It should be mentioned that since the velocity update equations are stochastic, the velocities may become too high, so that the particles become uncontrolled and exceed search space. Therefore, velocities are bounded to a maximum value \(V_{max} \), that is Eberhart et al. (2001)

$$\begin{aligned} If \left| {V_{id}} \right|>V_{max}\,then\,V_{id} = sign\left( {V_{id} } \right)V_{max} \end{aligned}$$
(3)

where sign represents sign function.

However, primary PSO characterised by (1) and (2) does not work desirably; especially since it possess no strategy for adjusting the trade-off between explorative and exploitative capabilities of PSO. Therefore, the inertia weight PSO is introduced to remove this drawback. In inertia-weight PSO, which is the most commonly-used PSO variant, the velocities of particles in previous time step is multiplied by a parameter called inertia weight. The corresponding velocity update equations are as follows Shi and Eberhart (1998, 1999):

$$\begin{aligned} V_{id} \left( {t+1} \right)&= \omega V_{id } \left( t \right)+C_{1 } r_{1d} \left( {P_{id} -X_{id} } \right)+C_2 r_{2d} \left( {P_{gd} -X_{id} } \right) \nonumber \\ X_{id} \left( {t+1} \right)&= X_{id } \left( t \right)+V_{id } \left( {t+1} \right) \end{aligned}$$
(4)

Inertia weight adjusts the trade-off between exploration and exploitation capabilities of PSO. The less the inertia weight is, the more the exploration capability of PSO will be and vice versa. Commonly, it is decreased linearly during the course of the run, so that the search effort is mainly focused on exploration at initial stages and is focused more on exploitation at latter stages of the run.

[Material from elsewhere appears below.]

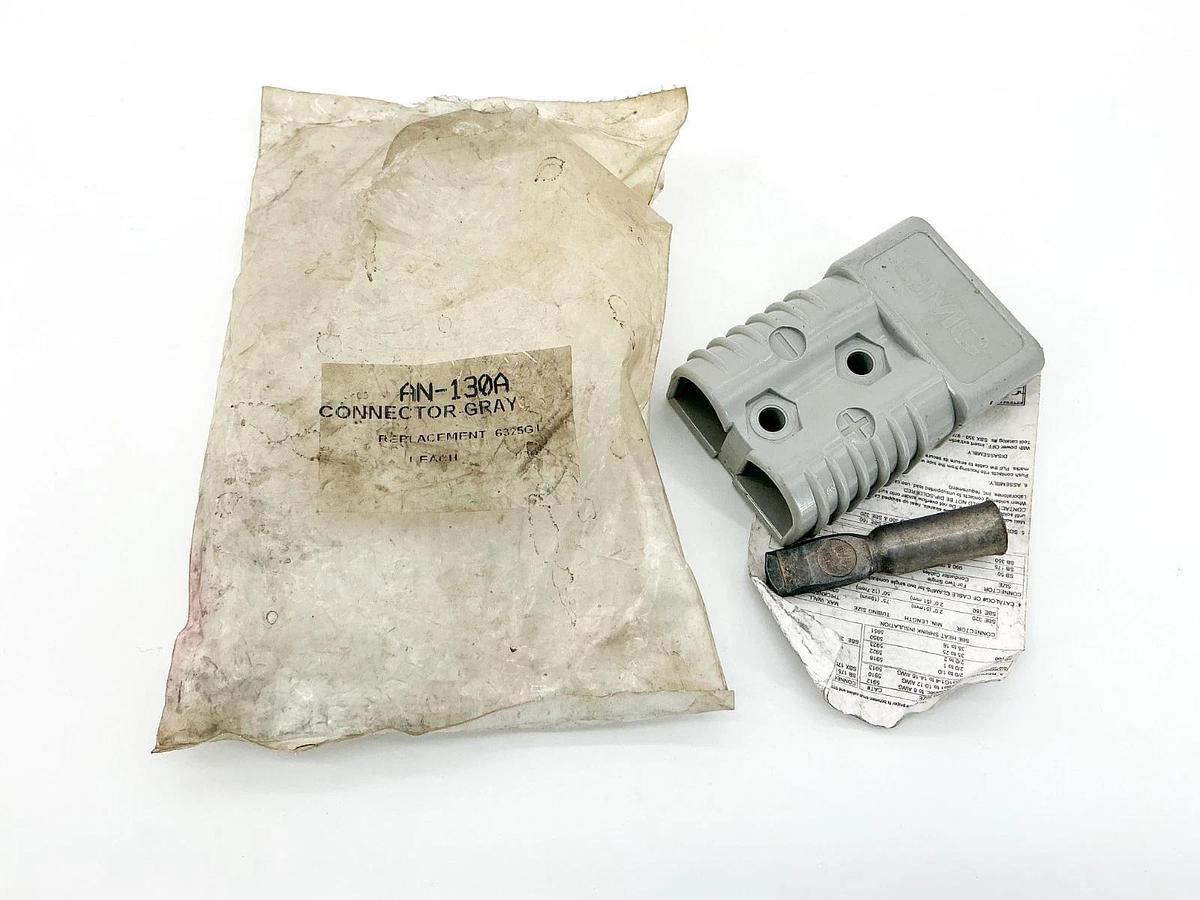 New CMC AN-130A Gray Connector 175A 600V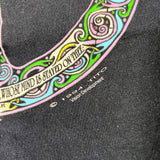 Vintage 1994 “Know Peace” Isaiah 26:3 Religious Long Sleeve T-Shirt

3 Strategies in PSO for tackling discrete optimisation problems

In this section, all strategies adopted in PSO for tackling discrete problems are analysed deeply.

3.1 Rounding off

This is the most commonly used approach for tackling discrete/integer variables (Zhang and Xie 2003; Laskari et al. 2002; Venter and Sobieszczanski-Sobieski 2004; Salman et al. 2002; Onate Yumbla et al. 2008; Yare and Venayagamoorthy 2007; Jin et al. 2007; AlRashidi and El-Hawary 2007; Parsopoulos and Vrahatis 2002; Abdelaziz et al. 2009; Sivanagaraju et al. 2008; Ziari and Jalilian 2010; Eajal and El-Hawary 2010; Ziari et al. 2012; Yoshida et al. 2000; Fukuyama 2001). In this approach, discrete/integer variables are treated the same with continuous variables during the course of optimization but at the end of optimization, they are rounded off to the nearest discrete/integer value. Round off procedure, in some researches, is implemented at each iteration whereas in most cases, it is implemented once at the end of optimization. The results show that the accuracy is not much affected by rounding off. The main advantages of this approach are its simplicity and low computational cost. Although it exposes two crucial disadvantages; firstly, the solution may enter infeasible regions during rounding off. And secondly, the fitness value in rounded point may be so different from that in original point and it is also possible that the discrete point with more distance from the continuous optimum possesses better fitness in comparison to rounded off point.

3.2 Approaches for solving binary problems

Any optimization problem either continuous or discrete can be represented as a binary problem. Furthermore, some problems especially engineering problems are binary in nature and just can be represented by binary coding. So, devising approaches for effective handling of binary problems in PSO is of high importance. In Binary PSO, each particle contains a combination of 0’s and 1’s. Also, \(P_i \)’s and \(P_g \)’s are binary variables.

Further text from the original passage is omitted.